WORK REQUIRED: If a line in the listing includes the word "from", copy it out.

※ ※ ※

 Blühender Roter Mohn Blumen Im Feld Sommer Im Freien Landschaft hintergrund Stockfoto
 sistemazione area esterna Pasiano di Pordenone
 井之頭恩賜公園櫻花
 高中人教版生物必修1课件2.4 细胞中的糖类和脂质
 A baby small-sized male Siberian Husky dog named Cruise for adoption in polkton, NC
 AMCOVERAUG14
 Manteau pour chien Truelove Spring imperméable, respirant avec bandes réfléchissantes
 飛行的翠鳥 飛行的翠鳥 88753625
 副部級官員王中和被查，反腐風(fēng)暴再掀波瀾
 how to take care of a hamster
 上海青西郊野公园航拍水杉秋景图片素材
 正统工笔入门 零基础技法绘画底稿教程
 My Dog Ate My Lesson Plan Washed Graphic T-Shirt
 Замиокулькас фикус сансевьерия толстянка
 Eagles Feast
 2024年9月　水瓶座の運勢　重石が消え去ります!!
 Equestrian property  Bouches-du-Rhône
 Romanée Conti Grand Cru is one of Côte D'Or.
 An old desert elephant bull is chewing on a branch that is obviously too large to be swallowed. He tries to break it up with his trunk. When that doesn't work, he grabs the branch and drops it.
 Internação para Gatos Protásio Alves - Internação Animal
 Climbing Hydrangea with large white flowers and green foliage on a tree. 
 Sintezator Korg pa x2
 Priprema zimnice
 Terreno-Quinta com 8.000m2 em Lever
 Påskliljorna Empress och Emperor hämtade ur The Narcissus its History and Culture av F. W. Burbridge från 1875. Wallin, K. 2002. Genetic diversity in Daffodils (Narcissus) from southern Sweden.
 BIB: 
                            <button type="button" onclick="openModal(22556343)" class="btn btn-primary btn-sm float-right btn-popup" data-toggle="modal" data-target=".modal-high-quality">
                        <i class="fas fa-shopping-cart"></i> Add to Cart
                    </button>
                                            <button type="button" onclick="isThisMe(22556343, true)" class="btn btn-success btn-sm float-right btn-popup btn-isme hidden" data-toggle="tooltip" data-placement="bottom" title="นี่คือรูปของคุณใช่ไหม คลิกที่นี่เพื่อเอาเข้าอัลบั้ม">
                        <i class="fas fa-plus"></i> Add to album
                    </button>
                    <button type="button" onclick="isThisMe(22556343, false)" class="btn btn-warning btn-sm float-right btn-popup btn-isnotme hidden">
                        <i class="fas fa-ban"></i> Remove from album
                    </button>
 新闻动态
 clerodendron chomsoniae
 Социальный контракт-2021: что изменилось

※ ※ ※

EXERCISE RESULT:
 Påskliljorna Empress och Emperor hämtade ur The Narcissus its History and Culture av F. W. Burbridge från 1875. Wallin, K. 2002. Genetic diversity in Daffodils (Narcissus) from southern Sweden.
                        <i class="fas fa-ban"></i> Remove from album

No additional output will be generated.